Saturday, August 29, 2009

Normal


So I just finished watching "Normal" and have been letting the film just sort of mull around in my head. I liked it, a lot, so I'm trying my best to let it settle in. It takes very few risks, and I like it for that, believe it or not it works better following plot points Ive seen in other films than trying to forge a new path and most likely failing. There are of course the rare gems that do something new, and do something incredible (Pi, Memento, Reservoir Dogs, etc.) but I think for the most part movies that try and do something new have to push the limits and this alienates most of the audience. Those movies are usually the ones I gravitate towards because I don't want to watch the same movie over and over again with new actors.
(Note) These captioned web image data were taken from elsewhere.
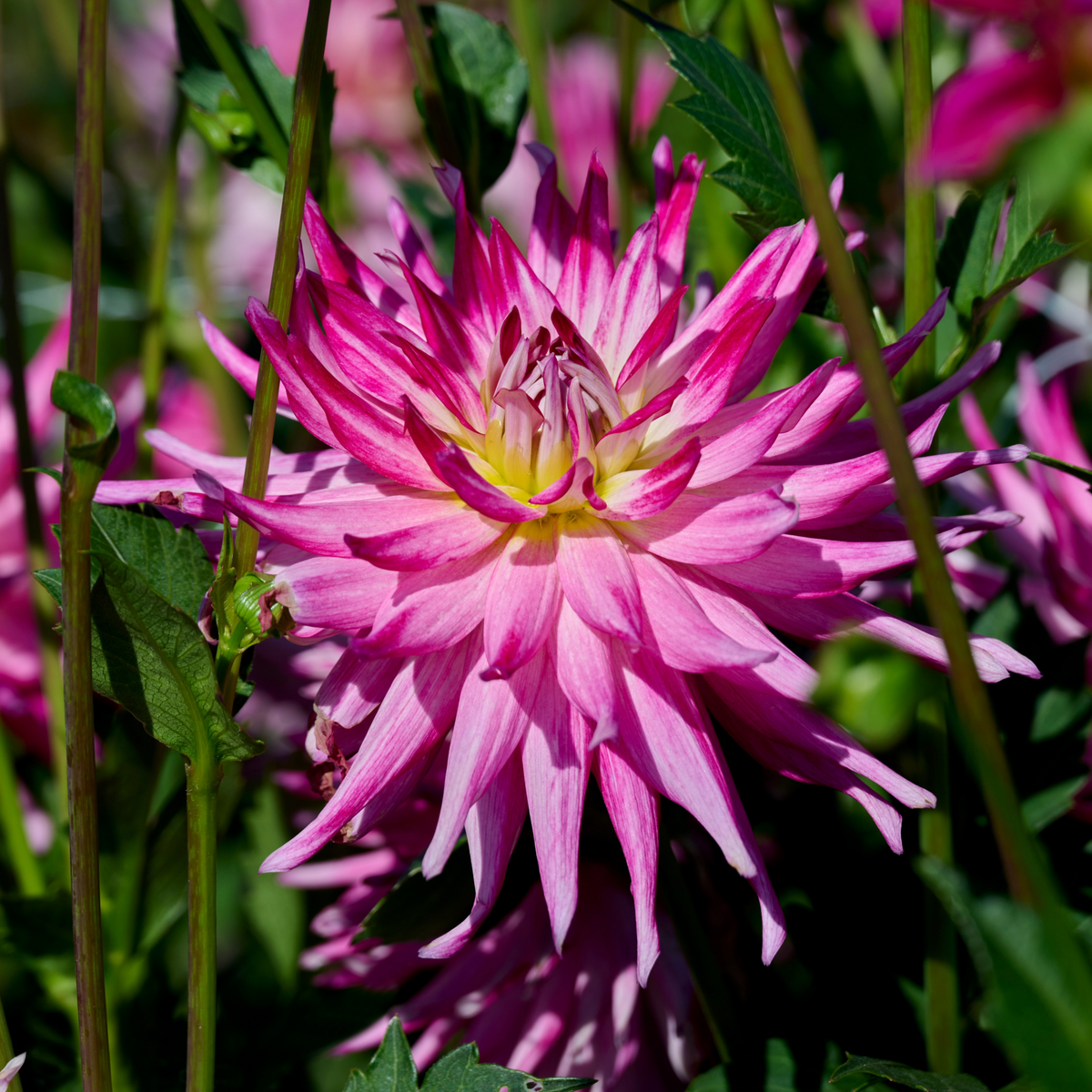 Dahlia Electric Light | Cactus Dahlia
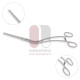 Cooley Lliac Clamp Cooley Lliac Clamp
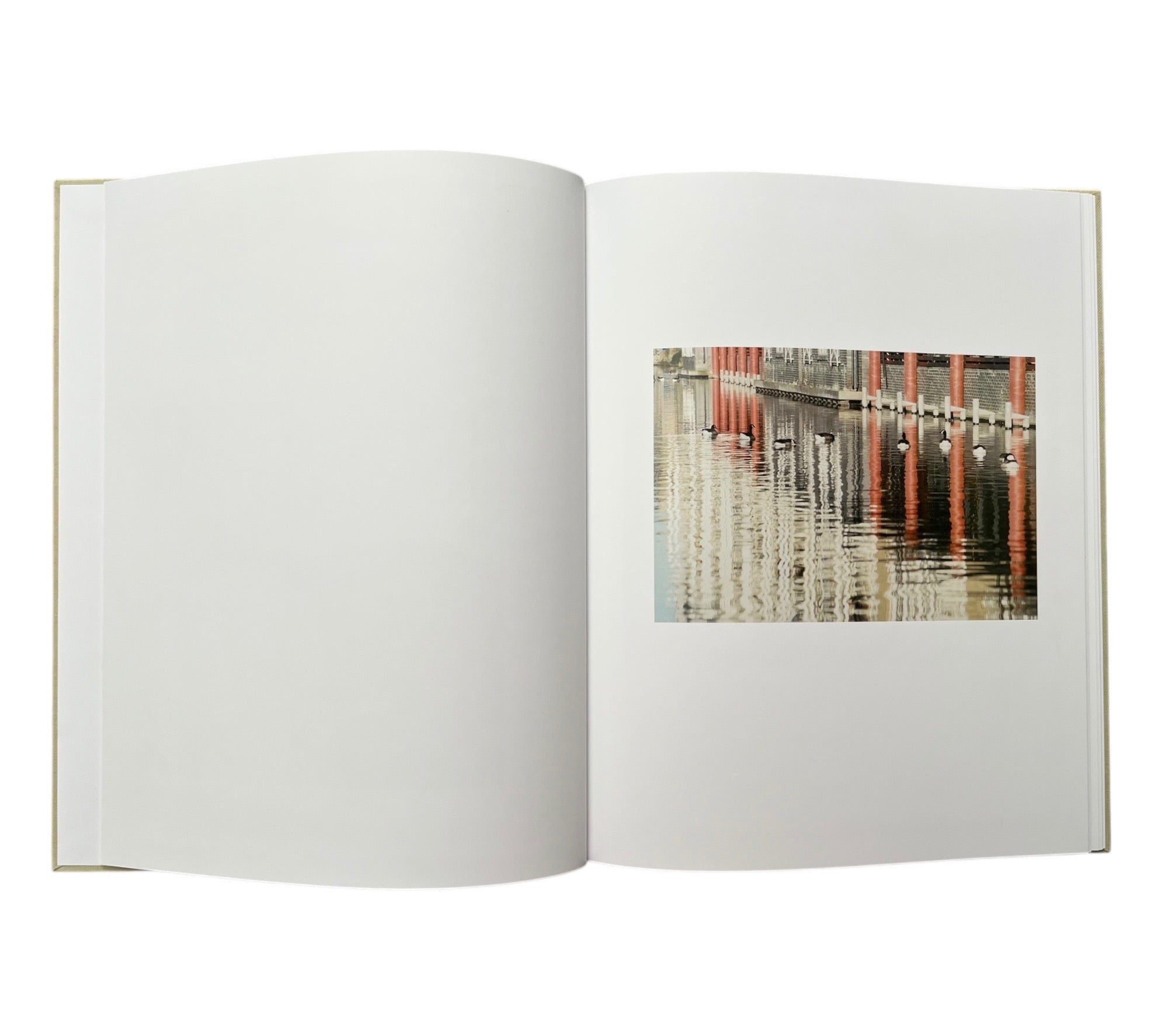 Anders Edström: Waiting Some Birds a Bus a Woman | Spidernets Places a Crew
With that said the story is very familiar, we follow several people in the after math of a car crash that killed a teen that everyone loved. Something I really loved that they did was the only way you ever see the mysterious teen is through two photographs, one being the newspaper article that the man who ran his car into the teens cant seem to throw away, and the other being the mothers photograph of her and her two sons, which we only see momentarily. Other than those two examples we know almost nothing about this person who the whole narrative centers itself on.

Another thing they did that was different and made it more enjoyable is that the crash didn't just happen, its been two years, they have just begun to move on, but are forever reminded of how life used to be. Like a scar that has healed, but still hurts our characters keep rubbing them as the familiar sting of an old would returns. We sympathize with all of them, although it gets hard to with the mother, played very well by Carrie Anne Moss. She had a hard role, of course you feel for her, but she is like an anchor on her family, pulling them down with her, and drowning their hopes of living a normal life. You start to resent her ability to do and say as she pleases with the excuse of mourning.
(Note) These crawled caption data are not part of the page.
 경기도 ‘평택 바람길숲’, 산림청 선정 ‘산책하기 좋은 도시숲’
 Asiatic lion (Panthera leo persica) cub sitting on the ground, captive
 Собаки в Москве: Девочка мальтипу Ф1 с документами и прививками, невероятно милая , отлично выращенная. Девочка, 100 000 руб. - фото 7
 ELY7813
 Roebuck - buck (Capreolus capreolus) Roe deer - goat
Most of the story surprisingly doesn't revolve around the teens death though, most of it is as they go on with their lives they are reminded that they are not the people they were before, and the guilt or regret of that is killing them, and making them do bad things. That's why I would say the movie is more about the mistakes we make, how we have to live with them, and how they change us. In this way it makes it different than other movies about people living with a terrible thing. Its the terrible thing that is leading them to do these other terrible things which is what we are focusing on.

The acting was great all around, I was able to recognize a few of the actors, but for the most part I was able to just accept them as these people and run with it. With Moss she had a tough role to play, one that you want to feel for her but the character makes it hard, and she does great with the role, she shows that she is more than just Trinity.
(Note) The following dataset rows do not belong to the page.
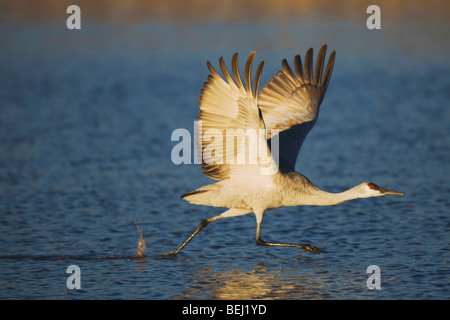 Sandhill Crane (Grus canadensis), adult taking off, Bosque del Apache National Wildlife Refuge , New Mexico, USA, Stock Photo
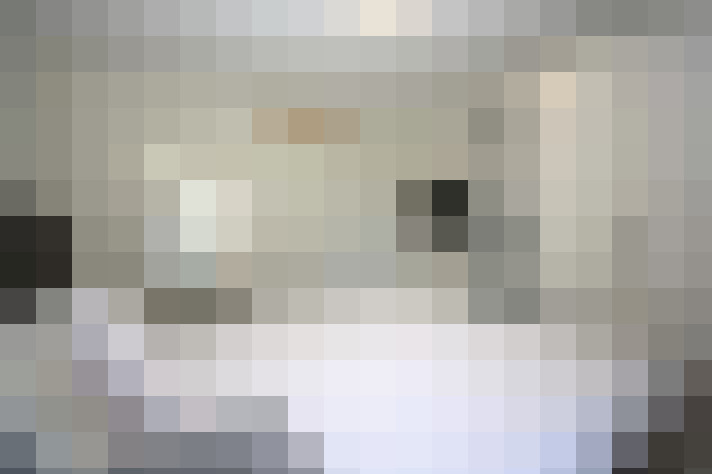  / #14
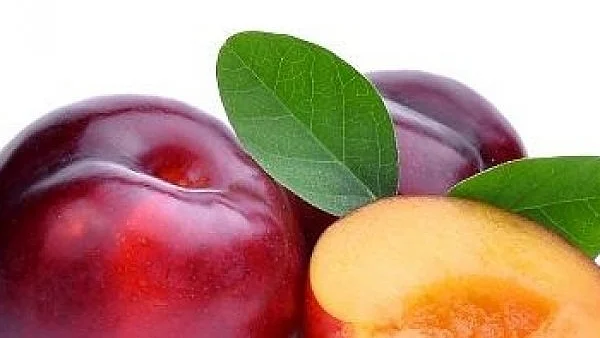 Benefits of Plums - Prevent Cancer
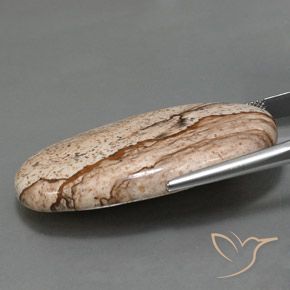 9,17 ctw natürlicher Mehrfarbig Jaspis, Oval, Lichtundurchlässig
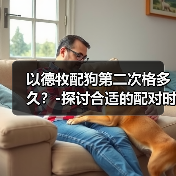 以德牧配狗第二次格多久?-探讨合适的配对时间(探索以德牧配狗的理想交配间隔及其对繁殖结果的影响)(图3) 以德牧第二次配狗时间探讨|科学间隔指南(图3)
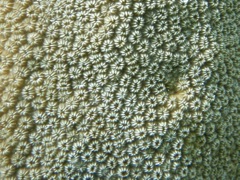 Blushing Star Coral Closeup  (1/4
The way its shot isn't the usual gritty look that these type of movies go with, but its certainly not clean either. It is a healthy middle ground, it looks like real life. Its a Canadian movie so maybe that's why I had never heard of it till I found it on Netflix, even though it just came out in 2007. It should have gotten at least some press because it was a more than decent drama, and I think its because it never strays into melodrama. Nothing to me seemed over the top with it, in that way the roles might be considered underplayed, but I would say the opposite, they found the core of the emotions that would run these people and they played it like that instead of people howling and yelling to the heavens "Why me, curse the day he was born" sort of stuff. Certainly worth a look if you like indie dramas. 7/10 stars.